I finally picked up Lon Milo DuQuette’s book on this deck, Understanding Aleister Crowley’s Thoth Tarot. I’m only forty pages in and already my understanding of this deck has increased more than I can tell you. So much of the creation of the deck stems from his writings channeled to him from his Holy Guardian Angel Aiwass while in Egypt, and even from visions his own wife Rose experienced there. Much is based on Eygptian mythology and cosmology, and I have never been an Egyptologist. I don’t know why, perhaps the fact that Egypt is so often revered by occultists and Tarotists that it seemed cliche and, worse, like kids playing dress-up and a game. And yet I seem to keep being pointed in that direction. Like last winter I accidentally ended up with a copy of the Ibis Tarot by Josef Machynka. And just a couple of weeks ago I ran across a copy of the Nefertari’s Tarot on EBay for half of what it normally goes for, so of course I caved and bought it. :::insert wry grin::: Oh yeah, and a copy of the Brotherhood of Light Deck I picked up last year. Despite not being interested in Egypt or Egyptian-themed decks. Ok, says I, I will sit up and take notice at long last.
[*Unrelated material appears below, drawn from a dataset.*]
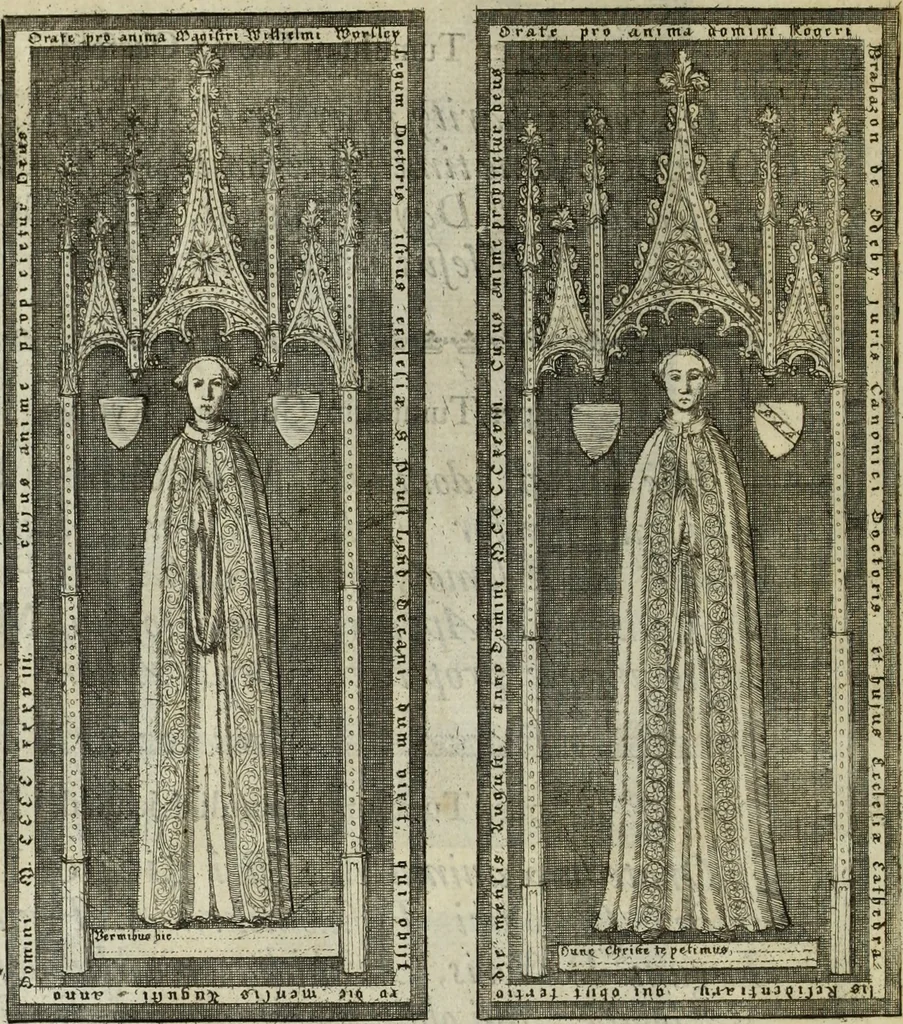 An illustration from The history of St. Paul's Cathedral in London, from its foundation ... : beautified with sundry prospects of the old fabrick, which was destroyed by the fire of that city, 1666 : as also with the figures of the tombs and monuments therein, which were all defaced in the late rebellion : whereunto is added, a continuation thereof, setting forth what was done in the structure of the new church, to the year 1685 : likewise, an historical account of the northern cathedrals, and chief collegiate churches in the province of York, 1716, leaf 125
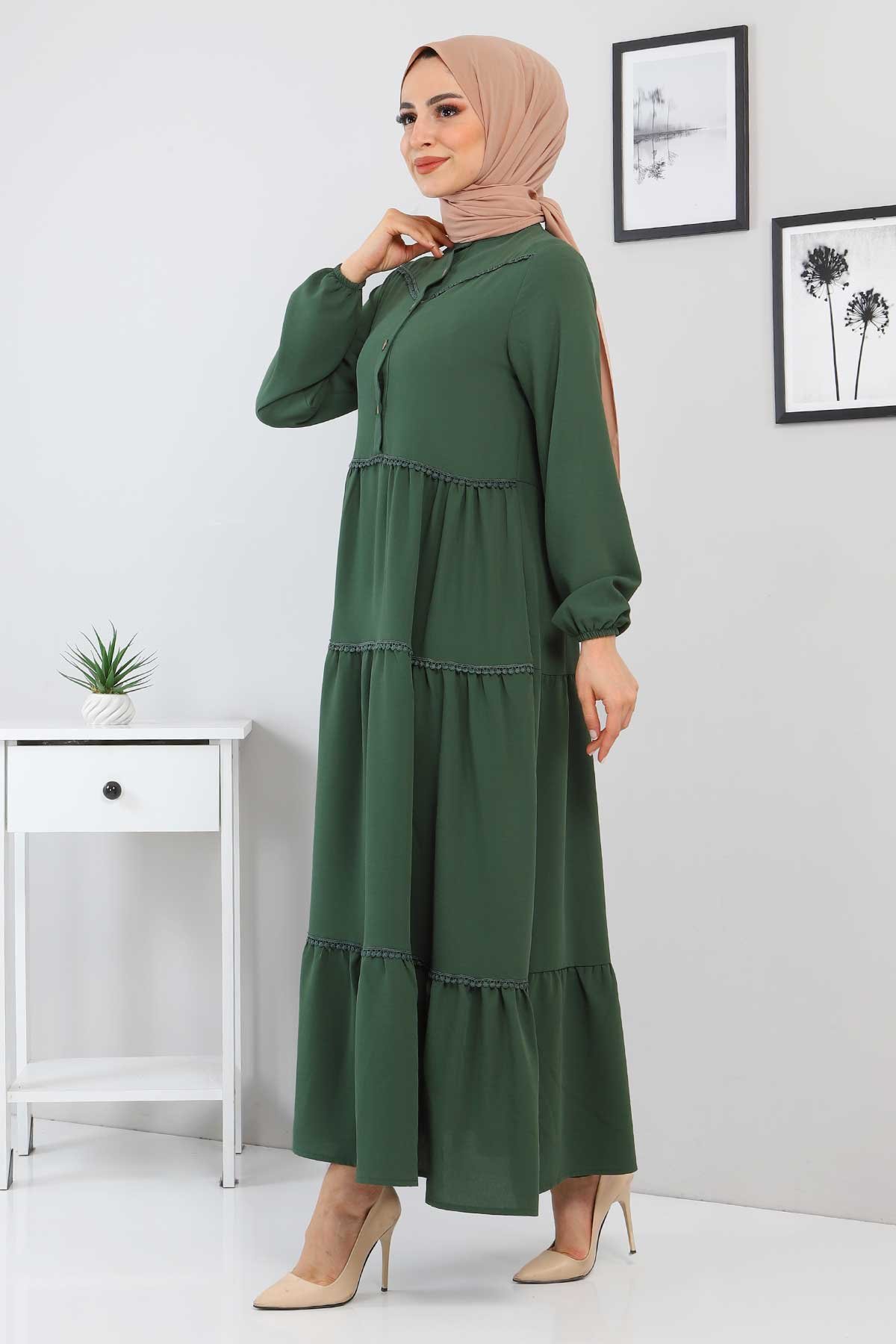Dantel Detaylı Elbise TSD220115 Yeşil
If you have this deck and were put off by Crowley’s reputation or were unable to get through his own book on the subject, this is THE book to get to set you on the path to a greater (and great) understanding of this deck. Maybe after I finish it I’ll get more out of Crowley’s own book. Here’s a short snippet from Duquette’s book:
Harris’s style is characterized by her graphical conversion of the mathematical concepts of projective geometry. A provocative expansion of Euclidean geometry, projective geometry was, in the mid 1930s, the focus of intense study among the disciples of Rudolf Steiner. Three years before she began painting the Thoth Tarot, Harris studied under two of Steiner’s most brilliant students, George Adams and Olive Whicher, and was soon busy transferring theoretical mathematics to canvas.
However difficult or unimportant it may be for us to grasp the mathematical subtleties of projective geometry, we see it thrillingly manifested in Harris’s use of lines, nets, arcs, swirls, twists, and angles stretched and overlaid one upon another, or otherwise combined to visually redefine the fabric of space. Each time we gaze upon one of these cards, we are obliged to transcned the dimensional boundaries of our minds and momentarily place ourselves in an environment where infinite depth can exist simultaneously with infinite projection.
There’s so much in there, I’m sure I’ll be discussing it more as I make my way through the book. And for all that, the style is clear and conversational. DuQuette has a gift for making the grand concepts embodied in this deck thoroughly accessible. Maybe now I can justify a fresh copy of the deck after spilling coffee on one copy, and losing the Lust card from another to a cat’s mischief. I had it sitting out as my daily meditation card, and one of my male cats sprayed it while I wasn’t looking. Evil beast. Somehow I think Crowley would enjoy that.